Василий Васильевич Розанов. Концы и начала, «божественное» и «демоническое», боги и демоны
(По поводу главного сюжета Лермонтова)

Апулей в XI книге «Золотого осла» дает изображение одной из древних религиозных процессий. Мы не назовем имени божества, которому она посвящена. Имя является поздно, имя и статуя — ничто, привесок, позднее изобретение. Чувство бога — вот главное, вот все. Важно, чтобы поднялась грудь, а уж уста произнесут имя.
...его ты назови
Как хочешь: пламенем любви,
Душою, счастьем, жизнью, Богом — .
Для этого названья нет;
Все — чувство...
Имя ж — звук и дым
Вокруг небесного огня...
Сперва были жесты, вздохи; люди бродили, собирались, глаза их сияли. Образовались церемонии, процессии, «гимны торжественные и непонятные»; и уже после всего появились имена, разные в разных странах, у разных народов, на разных языках, а по существу — одно. Время описания церемонии, которое мы берем,— царствование Адриана римского, т. е. уже полное и глубокое разложение древнего теизма. И все-таки кое-что мы уловим... удивительно напоминающее «Сон смешного человека» Достоевского.
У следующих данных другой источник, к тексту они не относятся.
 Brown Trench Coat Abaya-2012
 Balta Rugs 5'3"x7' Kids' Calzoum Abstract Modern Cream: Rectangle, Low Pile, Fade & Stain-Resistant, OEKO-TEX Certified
«Тени темной ночи стали расходиться и бледнеть перед рассветом. Показалось золотое солнце. Густые толпы народа в праздничном и торжественном настроении покрывали все дороги и площади. Наступил день, посвященный великой богине. Легко и весело было у меня на душе. Мне казалось, что и все кругом,— и животные, и стены домов, и даже сам день,— радуется моею радостью и полно моим весельем. Густой туман минувшей ночи бесследно исчез. День был тих и ясен. Во влажном воздухе, напитанном ароматами весны, раздавались звонкие трели проснувшихся птичек. Казалось, что и они своими светлыми гимнами славили Мать созвездий, Родоначальницу времен, Праматерь мира. И плодовые деревья с первою завязью будущих плодов, и бесплодные, которые своей зеленью дают только тень, мягко сгибая свои зеленеющие ветви, с нежным и ласковым ропотом склоняли молодую блестящую листву под тихим дыханием утра. Замерли все бурные отголоски зимнего ненастья, улеглись шумные звуки половодья, тихо журчало у берегов море, а небо, рассеяв мглу тумана, в ослепительном блеске сияло своею лазурью.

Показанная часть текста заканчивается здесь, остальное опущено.